*** Opening Records ***
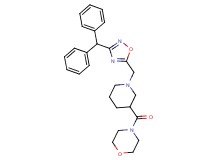 4-[(1-{[3-(diphenylmethyl)-1,2,4-oxadiazol-5-yl]methyl}-3-piperidinyl)carbonyl]morpholine
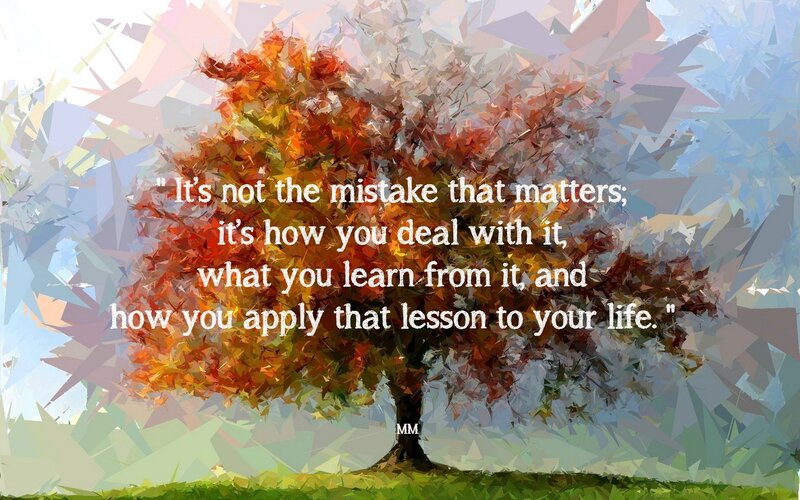 Autumn Tree with Quote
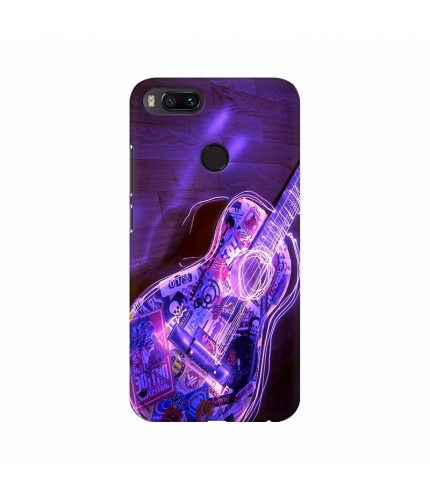 Purple Color Lighting Guitar Mobile Case Cover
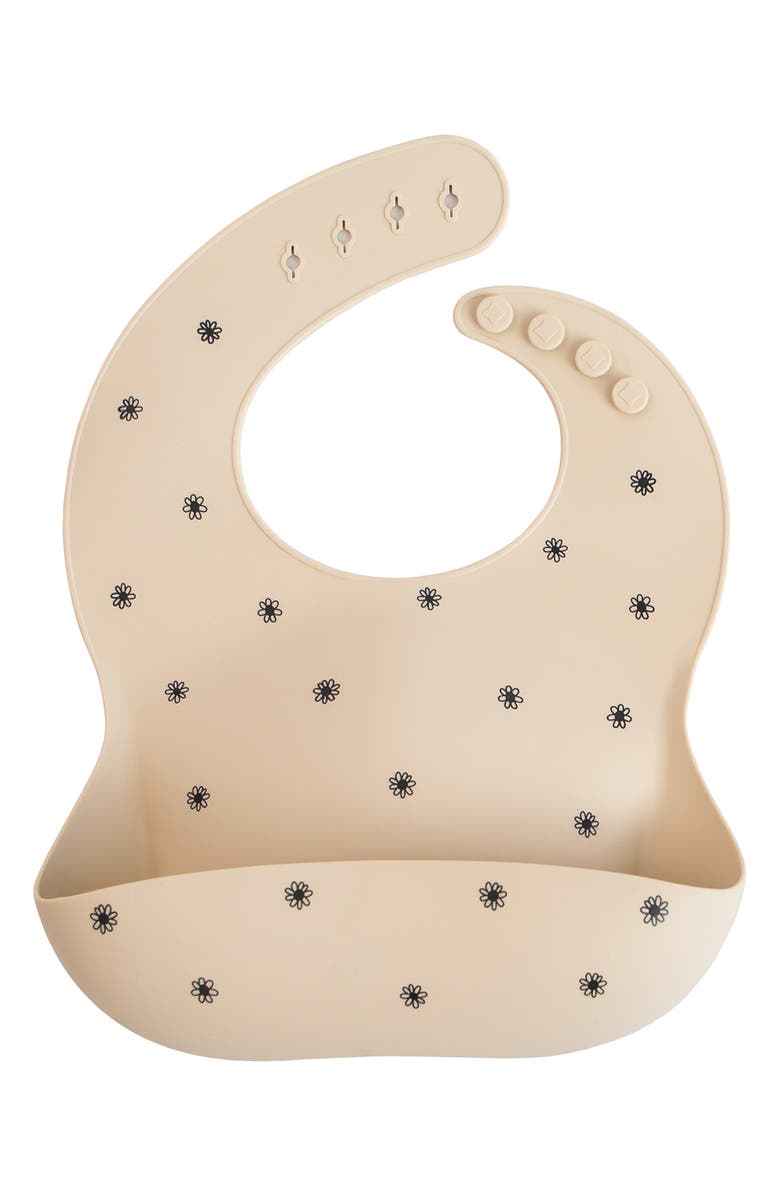 Mushie Silicone Baby Bib, Main, color, 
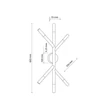 TK Lighting NOBLE fali lámpa fém, fa, üveg, barna, G9 - TK-4525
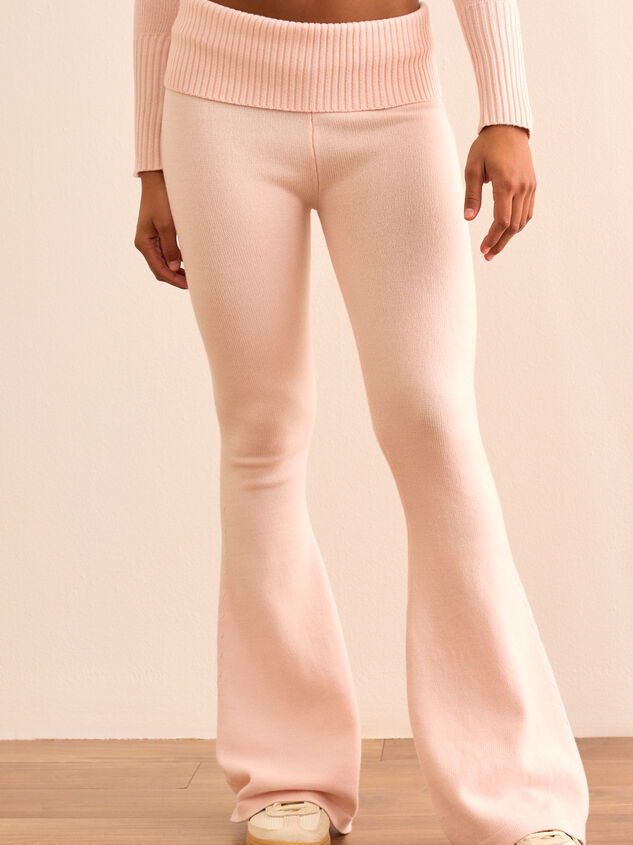 Serene Sprint Foldover Flare Pant Detail 3 - TULLABEE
*** Closing Records ***
Problem requirements:
Give back each entry exactly as it appears, with no pictures.

Exercise solution:
 4-[(1-{[3-(diphenylmethyl)-1,2,4-oxadiazol-5-yl]methyl}-3-piperidinyl)carbonyl]morpholine
 Autumn Tree with Quote
 Purple Color Lighting Guitar Mobile Case Cover
 Mushie Silicone Baby Bib, Main, color, 
 TK Lighting NOBLE fali lámpa fém, fa, üveg, barna, G9 - TK-4525
 Serene Sprint Foldover Flare Pant Detail 3 - TULLABEE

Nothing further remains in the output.